Jackie Clay has some great recipes in her canning book.

What I do.....make meatballs from whatever recipe you like best. Place them in the oven and bake until almost done. (this prevents them from falling apart when frying, etc)

Place the meatballs in jars. You can cover with mushroom soup. (I buy the big cans from Walmart) or cover with your favorite tomato sauce. These are really yummy this way and I don't mind the taste and texture of the canned meatballs. 90 minutes 10 lbs of pressure where I live.


----------



## Canning Girl (Jan 13, 2010)

I do as claytonpiano does except that I hot pack them into jars with a beef bouillon cube and boiling water. Then I process for 90 minutes. You do have to be careful when you use them. (i.e. lift them out of the jar individually with a slotted spoon) I also rinse them with hot water when I take them out of the jars because even with precooking them in the oven, quite a bit of fat cooks out of them in the pressure canning process.


----------



## Cajun Arkie (Jun 11, 2012)

Well thanks for the info. I was thinking of putting a thin tomato sauce over them. Just noticed yesterday that Sams has a 6 lb. bag of Italian meatballs for $14.48 in my area. Cheaper than I can make them even buying ground meat on sale. The are fully cooked. Wonder what they would be like canned?


----------



## happydog (May 7, 2008)

I'd be hesitant about buying premade meatballs. Be sure you check the label. If they're selling it cheaper than meat, chances are it's not 100% meat. 

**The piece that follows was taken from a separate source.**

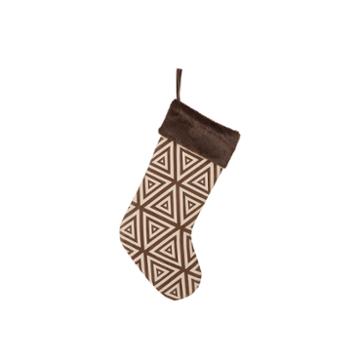 Glitzhome Faux Fur Cuff Christmas Stocking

If you brown your meatballs before canning, it gives them a better flavor and color, and they hold together better.


----------



## bluewater (May 31, 2013)

I can meatballs in marinara sauce. Just use your favorite recipes, keeping in mind many recommend against canning with ingredients like garlic or milk-based things (e.g., sour cream or parmesan).

Brown meatballs on the stove top, or partially bake them, your preference. Add to wide-mouth canning jars (I use quarts, with about a half dozen 2" meatballs in each). Top with sauce (I use the red sauce recipe for French Laundry lasagna). Can.

You are cooking the hell out of this meat in the canning process; don't worry about putting undercooked meat in the jars.


----------



## mtviolet (Jan 17, 2012)

those frozen Italian Meatballs have a LOT of sage in them, which gets bitter when you can them. They also are really heavy on the herbs and spices. The ones I have seen have fillers in them too.


----------



## Vosey (Dec 8, 2012)

I use jackie Clay's recipe as well. Keep meaning to can them in marinara but never have enough on hand. I brown them and make a little broth in the pan I browned them in. The texture and flavor is a little different. When freezing I make them with parmesan which is delish, but overall the convenience is worth it.


----------